### Available data
****
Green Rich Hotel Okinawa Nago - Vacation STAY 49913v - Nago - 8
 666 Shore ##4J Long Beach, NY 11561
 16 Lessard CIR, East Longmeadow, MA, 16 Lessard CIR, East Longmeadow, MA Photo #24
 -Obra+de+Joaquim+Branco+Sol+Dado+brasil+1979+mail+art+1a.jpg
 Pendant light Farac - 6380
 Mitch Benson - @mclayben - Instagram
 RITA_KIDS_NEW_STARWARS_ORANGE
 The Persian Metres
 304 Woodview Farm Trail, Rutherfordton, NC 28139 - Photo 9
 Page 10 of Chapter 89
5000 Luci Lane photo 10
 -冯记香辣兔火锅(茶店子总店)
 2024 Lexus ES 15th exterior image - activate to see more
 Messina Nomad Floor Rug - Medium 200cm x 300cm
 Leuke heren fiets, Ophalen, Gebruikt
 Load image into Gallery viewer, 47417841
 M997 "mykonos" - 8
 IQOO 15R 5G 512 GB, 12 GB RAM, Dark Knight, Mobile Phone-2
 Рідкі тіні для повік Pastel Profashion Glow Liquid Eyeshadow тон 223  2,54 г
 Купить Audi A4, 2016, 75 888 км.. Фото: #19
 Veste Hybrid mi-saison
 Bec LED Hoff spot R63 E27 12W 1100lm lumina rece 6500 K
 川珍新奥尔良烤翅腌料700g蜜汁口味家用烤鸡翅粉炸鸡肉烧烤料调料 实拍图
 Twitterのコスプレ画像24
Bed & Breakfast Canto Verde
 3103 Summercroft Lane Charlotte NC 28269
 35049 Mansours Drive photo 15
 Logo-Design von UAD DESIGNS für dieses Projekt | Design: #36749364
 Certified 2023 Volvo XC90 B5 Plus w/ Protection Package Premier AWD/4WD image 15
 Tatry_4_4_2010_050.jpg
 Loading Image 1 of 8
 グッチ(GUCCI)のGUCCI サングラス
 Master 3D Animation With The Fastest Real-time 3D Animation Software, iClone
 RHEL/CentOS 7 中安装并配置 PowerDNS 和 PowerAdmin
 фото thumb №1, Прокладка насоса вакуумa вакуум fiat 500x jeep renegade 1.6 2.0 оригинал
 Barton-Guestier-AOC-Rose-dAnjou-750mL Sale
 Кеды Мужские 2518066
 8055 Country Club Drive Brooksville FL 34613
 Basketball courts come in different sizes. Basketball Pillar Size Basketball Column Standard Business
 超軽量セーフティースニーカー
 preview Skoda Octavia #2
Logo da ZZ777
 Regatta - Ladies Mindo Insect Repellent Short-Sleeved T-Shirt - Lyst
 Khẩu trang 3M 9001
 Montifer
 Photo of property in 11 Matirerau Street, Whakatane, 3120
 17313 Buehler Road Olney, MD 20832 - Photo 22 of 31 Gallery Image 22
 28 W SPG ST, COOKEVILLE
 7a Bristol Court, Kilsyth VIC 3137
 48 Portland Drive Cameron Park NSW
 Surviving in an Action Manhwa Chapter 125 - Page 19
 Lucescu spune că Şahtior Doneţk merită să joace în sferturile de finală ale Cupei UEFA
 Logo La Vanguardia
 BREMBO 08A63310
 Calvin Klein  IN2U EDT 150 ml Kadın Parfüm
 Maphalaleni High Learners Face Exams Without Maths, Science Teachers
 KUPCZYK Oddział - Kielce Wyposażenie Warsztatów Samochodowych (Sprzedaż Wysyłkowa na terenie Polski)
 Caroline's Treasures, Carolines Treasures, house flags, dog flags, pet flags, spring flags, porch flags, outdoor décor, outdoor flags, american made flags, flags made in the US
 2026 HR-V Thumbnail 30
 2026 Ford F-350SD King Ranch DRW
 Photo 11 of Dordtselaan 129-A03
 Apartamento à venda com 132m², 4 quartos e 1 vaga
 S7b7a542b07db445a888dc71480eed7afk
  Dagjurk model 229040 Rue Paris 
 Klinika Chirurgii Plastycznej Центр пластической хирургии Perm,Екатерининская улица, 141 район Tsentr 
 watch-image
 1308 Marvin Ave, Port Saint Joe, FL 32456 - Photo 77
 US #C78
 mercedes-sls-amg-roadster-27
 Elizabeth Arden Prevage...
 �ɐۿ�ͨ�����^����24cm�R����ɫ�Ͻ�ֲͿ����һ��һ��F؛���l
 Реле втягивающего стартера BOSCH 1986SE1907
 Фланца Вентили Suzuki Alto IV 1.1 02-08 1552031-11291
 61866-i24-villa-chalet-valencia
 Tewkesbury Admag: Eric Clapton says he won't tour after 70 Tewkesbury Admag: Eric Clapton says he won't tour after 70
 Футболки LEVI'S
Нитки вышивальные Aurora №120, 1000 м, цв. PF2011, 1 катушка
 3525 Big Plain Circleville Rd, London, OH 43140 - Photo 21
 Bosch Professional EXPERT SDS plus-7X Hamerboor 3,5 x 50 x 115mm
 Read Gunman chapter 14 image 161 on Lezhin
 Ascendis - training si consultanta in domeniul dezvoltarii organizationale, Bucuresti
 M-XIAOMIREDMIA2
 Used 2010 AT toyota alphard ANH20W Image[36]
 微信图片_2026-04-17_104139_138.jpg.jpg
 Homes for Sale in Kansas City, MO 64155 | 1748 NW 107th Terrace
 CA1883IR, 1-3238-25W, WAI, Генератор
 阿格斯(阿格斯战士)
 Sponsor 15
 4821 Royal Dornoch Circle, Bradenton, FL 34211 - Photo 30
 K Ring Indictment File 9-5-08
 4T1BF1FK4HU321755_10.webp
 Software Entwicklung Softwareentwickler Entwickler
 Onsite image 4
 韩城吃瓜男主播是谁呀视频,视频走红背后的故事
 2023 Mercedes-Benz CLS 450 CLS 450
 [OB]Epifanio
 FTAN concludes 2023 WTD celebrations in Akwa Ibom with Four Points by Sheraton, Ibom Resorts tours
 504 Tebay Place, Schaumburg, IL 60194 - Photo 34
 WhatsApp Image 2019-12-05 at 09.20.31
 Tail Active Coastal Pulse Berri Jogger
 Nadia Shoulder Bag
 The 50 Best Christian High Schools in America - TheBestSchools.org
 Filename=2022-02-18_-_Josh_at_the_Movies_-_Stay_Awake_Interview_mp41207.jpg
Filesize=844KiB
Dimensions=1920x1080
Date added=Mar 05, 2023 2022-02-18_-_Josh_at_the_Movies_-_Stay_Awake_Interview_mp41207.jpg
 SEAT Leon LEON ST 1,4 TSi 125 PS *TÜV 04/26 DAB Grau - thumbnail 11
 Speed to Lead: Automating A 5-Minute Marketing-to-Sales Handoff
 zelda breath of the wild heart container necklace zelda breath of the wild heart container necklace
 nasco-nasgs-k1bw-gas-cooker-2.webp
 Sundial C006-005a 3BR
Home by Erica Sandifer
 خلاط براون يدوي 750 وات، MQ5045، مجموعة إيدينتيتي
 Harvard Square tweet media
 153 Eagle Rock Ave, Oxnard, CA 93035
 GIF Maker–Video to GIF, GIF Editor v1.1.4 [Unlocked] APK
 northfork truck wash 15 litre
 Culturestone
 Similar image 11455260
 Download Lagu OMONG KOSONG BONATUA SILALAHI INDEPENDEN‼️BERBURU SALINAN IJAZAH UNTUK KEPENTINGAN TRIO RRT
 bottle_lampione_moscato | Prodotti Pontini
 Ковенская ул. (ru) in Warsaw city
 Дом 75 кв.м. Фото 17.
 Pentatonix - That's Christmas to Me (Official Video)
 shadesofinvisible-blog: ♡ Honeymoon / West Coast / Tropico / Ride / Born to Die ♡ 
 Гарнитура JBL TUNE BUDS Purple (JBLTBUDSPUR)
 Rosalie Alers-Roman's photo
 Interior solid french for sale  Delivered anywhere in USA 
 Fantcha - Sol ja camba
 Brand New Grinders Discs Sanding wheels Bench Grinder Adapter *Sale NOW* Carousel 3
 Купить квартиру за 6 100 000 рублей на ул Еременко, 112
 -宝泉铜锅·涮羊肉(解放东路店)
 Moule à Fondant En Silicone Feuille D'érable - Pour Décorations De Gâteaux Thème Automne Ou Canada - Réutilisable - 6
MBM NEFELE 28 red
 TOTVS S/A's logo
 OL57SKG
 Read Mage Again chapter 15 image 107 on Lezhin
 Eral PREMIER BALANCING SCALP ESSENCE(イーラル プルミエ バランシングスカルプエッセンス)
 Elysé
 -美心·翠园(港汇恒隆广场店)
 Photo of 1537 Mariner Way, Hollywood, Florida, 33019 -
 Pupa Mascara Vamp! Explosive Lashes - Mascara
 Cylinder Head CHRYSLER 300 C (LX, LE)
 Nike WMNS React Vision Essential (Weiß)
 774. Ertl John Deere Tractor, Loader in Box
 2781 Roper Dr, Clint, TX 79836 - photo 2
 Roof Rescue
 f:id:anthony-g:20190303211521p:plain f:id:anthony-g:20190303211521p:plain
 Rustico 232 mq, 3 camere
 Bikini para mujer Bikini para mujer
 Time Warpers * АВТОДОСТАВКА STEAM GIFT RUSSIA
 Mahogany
****
### Work required
Given the data above, transcribe exactly the lines from the one containing "bottle_lampione_moscato | Prodotti Pontini" down to the one containing "Rosalie Alers-Roman's photo", and no others.

### Exercise result
 bottle_lampione_moscato | Prodotti Pontini
 Ковенская ул. (ru) in Warsaw city
 Дом 75 кв.м. Фото 17.
 Pentatonix - That's Christmas to Me (Official Video)
 shadesofinvisible-blog: ♡ Honeymoon / West Coast / Tropico / Ride / Born to Die ♡ 
 Гарнитура JBL TUNE BUDS Purple (JBLTBUDSPUR)
 Rosalie Alers-Roman's photo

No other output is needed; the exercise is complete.